Single-cell RNA-sequencing (scRNAseq) technologies have transformed our understanding of cellular systems. As these technologies rapidly develop, the field has gained an overwhelming number of computational tools that analyze scRNAseq data.
A research group led by Vicky Yao, assistant professor of computer science, has been awarded a Data Insights award from the Chan Zuckerberg Initiative (CZI) to characterize scRNAseq tools and track trends of their use across biomedical literature.
The CZI Data Insights award provides 18 months of support for projects that advance insights of human health from single-cell biology datasets by addressing computational challenges and bottlenecks in single-cell biology.
In a project titled, “Meta-Characterization of Single-Cell Workflows,” Yao will use natural language processing to analyze single-cell workflows outlined in biomedical literature, providing clarity on how researchers are using scRNAseq tools.
“As these technologies advance, people are overwhelmed with all the tools and different ways to use them,” said Yao. “Although there are existing resources that list the tools, we don’t have a systematic understanding of how they are being used and how the choice of ordering may affect downstream results.”

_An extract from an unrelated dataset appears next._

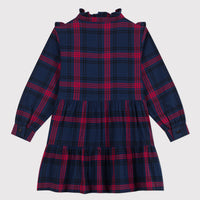 girls navy red ls check ruffle dress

Building on her research group’s previous work in procedural knowledge extraction, Yao will catalog the tools and the sequence in which they are used across full text publications, resulting in a systematic analysis of scRNAseq pipelines. In doing so, she will construct a comprehensive “multiverse” of scRNAseq pipelines in biomedical literature.
This project will help researchers working with single-cell data navigate the complex landscape of single-cell analyses, aiming to highlight which areas may have new opportunities for methods development as well as careful benchmarking.
“Once we chart the set of pipelines capturing how people are using the tools, we can understand what people are doing at a global level,” Yao said, “By looking at the trends, we can start to understand reproducibility of results.”
Yao’s work could pave the way for future research that sheds light on best practices for single-cell analysis. “This work could enable development of new statistical methods, considering not only multiple hypothesis corrections, but also perhaps ‘multiverse’ hypothesis correction,” said Yao.
Yao’s project is one of 17 awarded projects in the third cycle of CZI’s Data Insights awards, as announced July 23, 2024.